The point of mental disconnect for these people is that wanting something to be true and believing something to be true does not make it true. Our argumentative nature pushes us to fight for what we believe even in the face of logic and facts. Think about it: if a 40 year old catholic was shown video evidence (go with me here, guys) that Jesus was really a pimp who drank too much wine and the disciples were his enforces who wandered the countryside beating money out of people do you think that he would believe it? It would prove that his whole life, his beliefs, and all the money he forked over to his church were based on a lie, and he would BLOCK OUT THE TRUTH to continue believing what he feels to be convenient.

If you could prove that it wasn't an angel on the mount with Mohammed, and that it was really a drunken shepherd who shared some hashish with him and told him a really easy way to score chicks and money, do you think anyone would listen?

If you could prove that Buddha was really just a nobleman who was looking for a way to make his subjects happy about being poor, do you think anyone would listen?

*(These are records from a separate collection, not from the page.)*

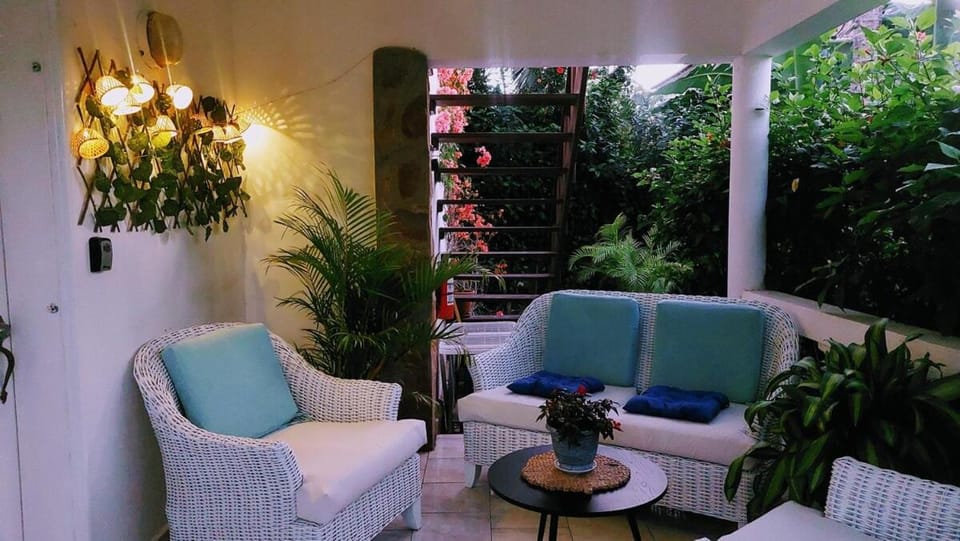 Charming 1 bdr apt w/ pool 5min Popi beach Apartment in Las Terrenas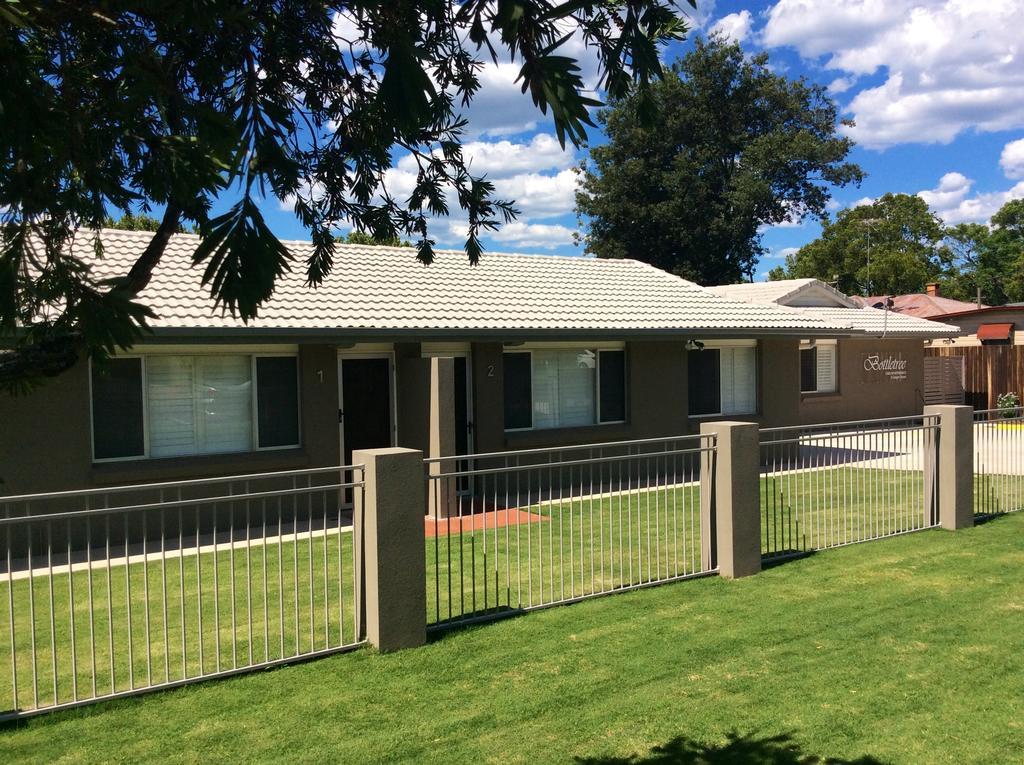 Bottletree Apartments On Garget Toowoomba Oda fotoğraf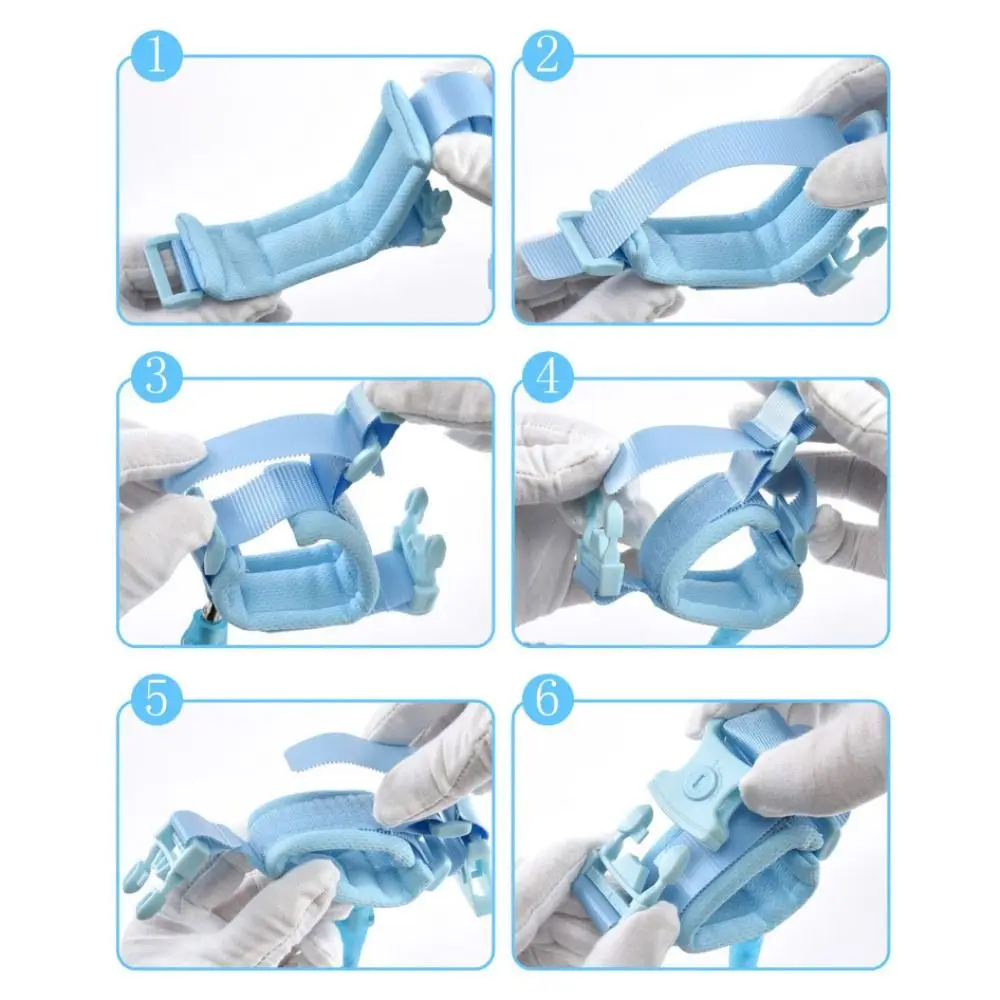 Elastic Baby Link Traction Rope Bracelet Loss prevention Children Safety Harness Key Lock Reflection
Elastic Baby Link Traction Rope Bracelet Loss prevention Children Safety Harness Key Lock Reflection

The problem is that every religious group on earth thinks that they have the one and only way to heaven/nirvana/whatever and that every other group is wrong. Well, I'm unwilling to believe that any "loving and caring God" would dump us on a rock knowing that 70-90% of us were going to hell or some such nonsense. It doesn't make sense, does it? And even if this God was just a wee bit sadistic, why the hell would he have done it in the first place? If I was God, I'd be surrounded with big-titted angels who did stuff a bit more wild than play a damn harp, if you know what I mean ... but again, that is just speculation.

Belief != Truth.

Having a religious debate is like beating your head against a brick wall. Even though nobody can prove their religion correct (oh, you know it is fact because of faith? that makes all the frickin' difference in the world!), and even though evidence can be laid out contradicting EVERY RELIGION ON EARTH, nobody will budge, and the reason for that is simply that religion is the largest case of mass hypnosis and delusion on earth, barring what the little green men do to us with anal probes.